I wrote this blog post because my girlfriend, now fiance, told me some ten years ago, “I know I’m going to love this book because she used the word fuck on the first page.”
That got me thinking about swearing. I don’t swear often, and when I do it sounds awkward. But, read any thriller, horror, or women’s lit novel and you’ll see the timely place F-bomb and much more. But, just because I don’t swear doesn’t mean I feel awkward around it. In fact, placed well, swearing is an effective tool. Too much and I might put the book down.
So, when is it okay to swear in writing? Let’s find out.
I was 14-years-old the first time I had an opportunity to swear in a story I wrote. I can remember the moment as if it were only a couple weeks ago. My computer – old – black screen with an orange font, and as I can remember there was only one font choice. I was writing about travelers who were lost in the forest and suddenly glowing eyes began popping up around them. Likely, they were fairies of some kind. Naturally one of my characters said, “Shit!” I didn’t even finish the sentence before I tapped back and deleted the word. I didn’t want my parents to see. This was one of the defining “writing” moments of my life. To swear, or not to swear…that is the question. This sent me on a search (before the internet) to try and find what other authors thought on the subject, any author really because I couldn’t find an answer anywhere I looked. Finally, after several months of typing the word “shit” on my computer, and then deleting it, I asked my creative writing teacher.

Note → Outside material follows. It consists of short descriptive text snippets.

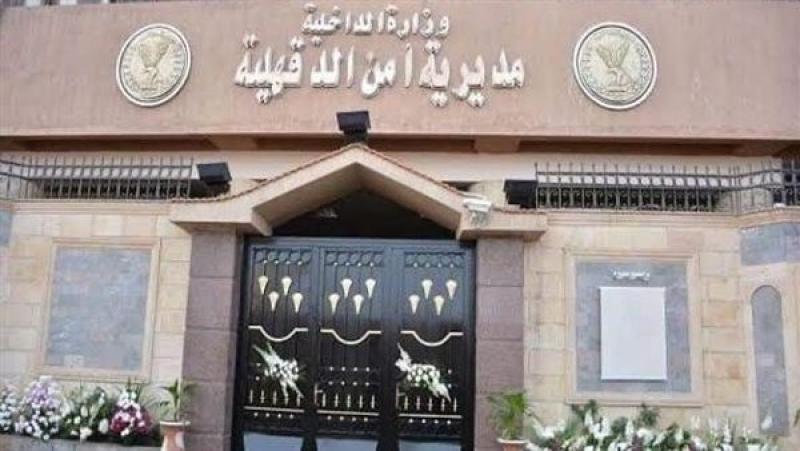 مباحث الدقهلية تلقي القبض على المتهم بنفخ طفل بكمبروسر هواء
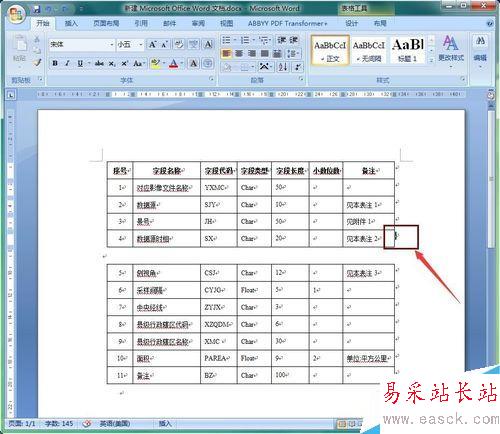 word表格如何拆分與合并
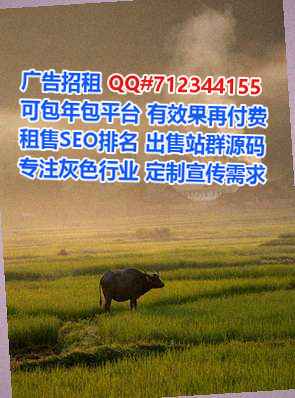 梁溪代妈服装事务所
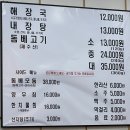 서문해장국용암분점 - 162 | 제주은희네해장국 용인구성점 뜨끈한내장탕 맛집 주차장 제주함덕골목비교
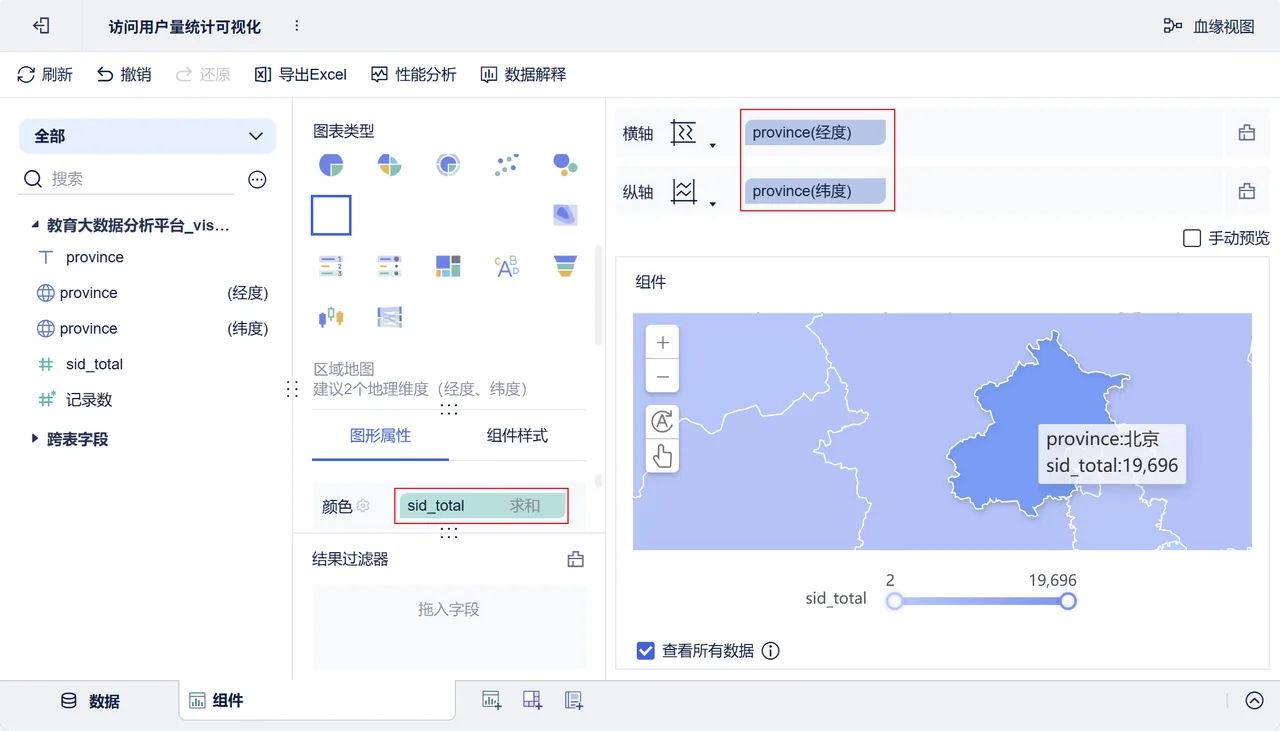 第155页 · 课件截图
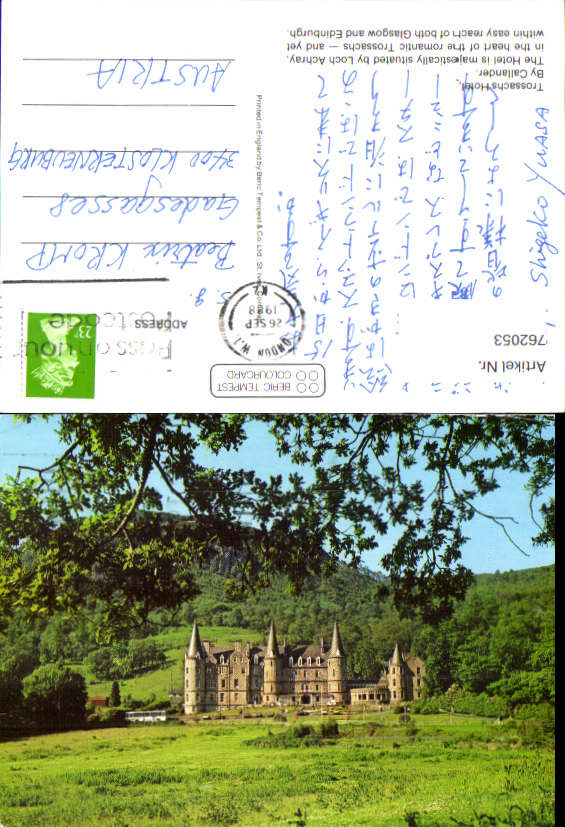 alte Ansichtskarte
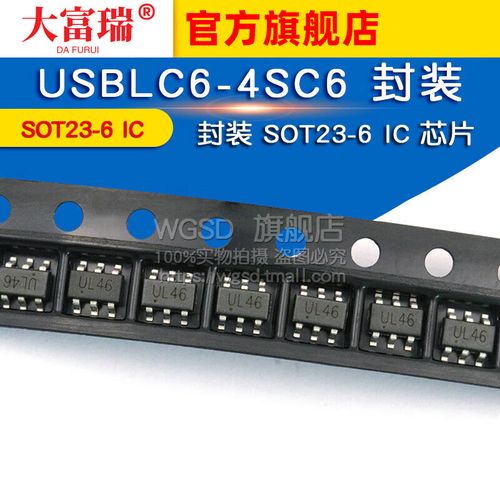 大富瑞 集成电路 usblc6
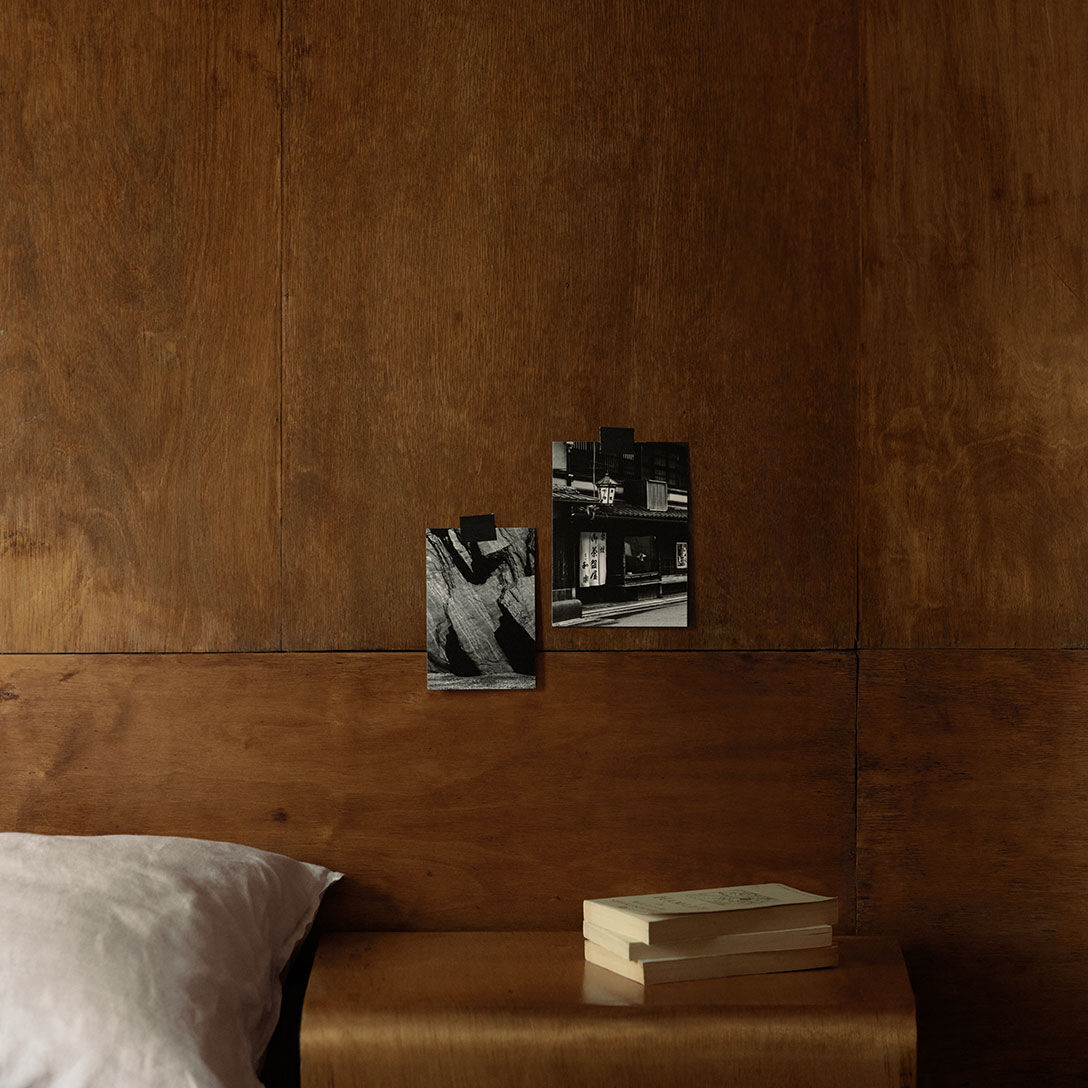 Aesop Category Top Banner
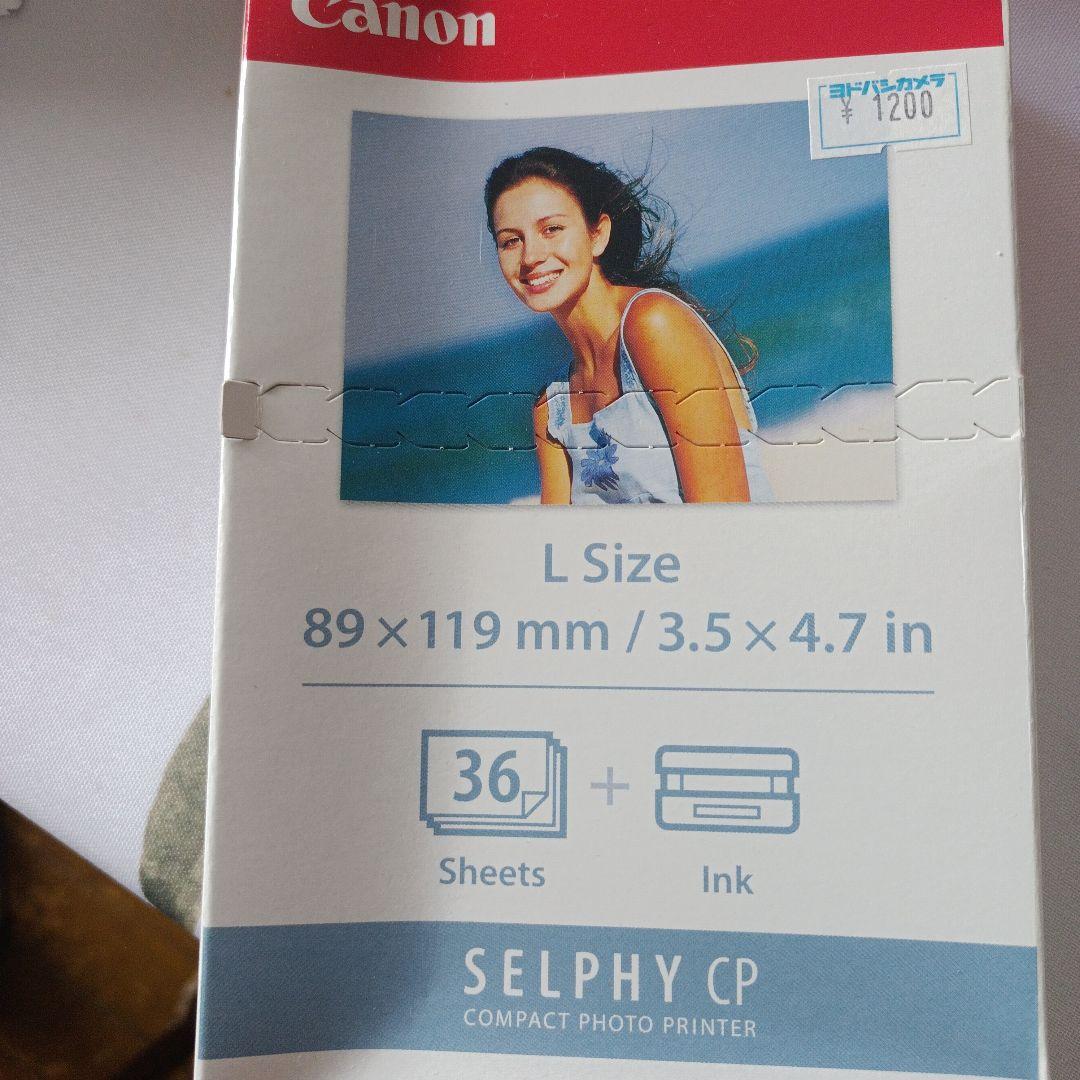 Canon  SELPHY CP770 、コンパクトフォットプリンター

“If you think your mom would blush, then you shouldn’t do it.” was her advice, and oh what horrible advice it was.
As I grew older, and the internet came to be I was able to research a bit more. Come to find that the real answer is, it doesn’t matter what your mother thinks (on this topic). People swear. Swearing brings realism to text and characters. However, you need to swear for a reason, not like a preteen trying to act like a teen – unless of course, that is your story.
The two rules about swearing in writing (and pretend I didn’t say this in future blogs about no rules in writing) should be:
- Swearing should be appropriately related to what you’re writing
- Swearing should not be overused
- Swearing should be well-placed and add to writing, not just there because you like the word
- Swearing should be age appropriate for the reader.
For example, if a woman in your story just found out she was unexpectedly pregnant, just broke up with her boyfriend, and in frustration stubbed her toe on a table, then you wouldn’t be surprised if she yelled out, “Fuck!” Did I surprise you there? I do a lot of writing for children, so the idea that I dropped the F-bomb will shock some people. But, for the sake of that woman’s moment in a story, it is completely appropriate. Now, if the story was about a 10-year-old who was running away from ghosts in a house and stubbed their toe, you might use an “I-chee-wowwa,” an “ouch,” or if you’re feeling frisky a “Damn!” But, the F-bomb probably should not be there.
While the choice to swear or not swear is poetic and literary for some writers, for many others it is a stumbling block that holds back many a great dialogue. So, if it feels natural,then just fucking go for it. But, make sure mom doesn’t find out.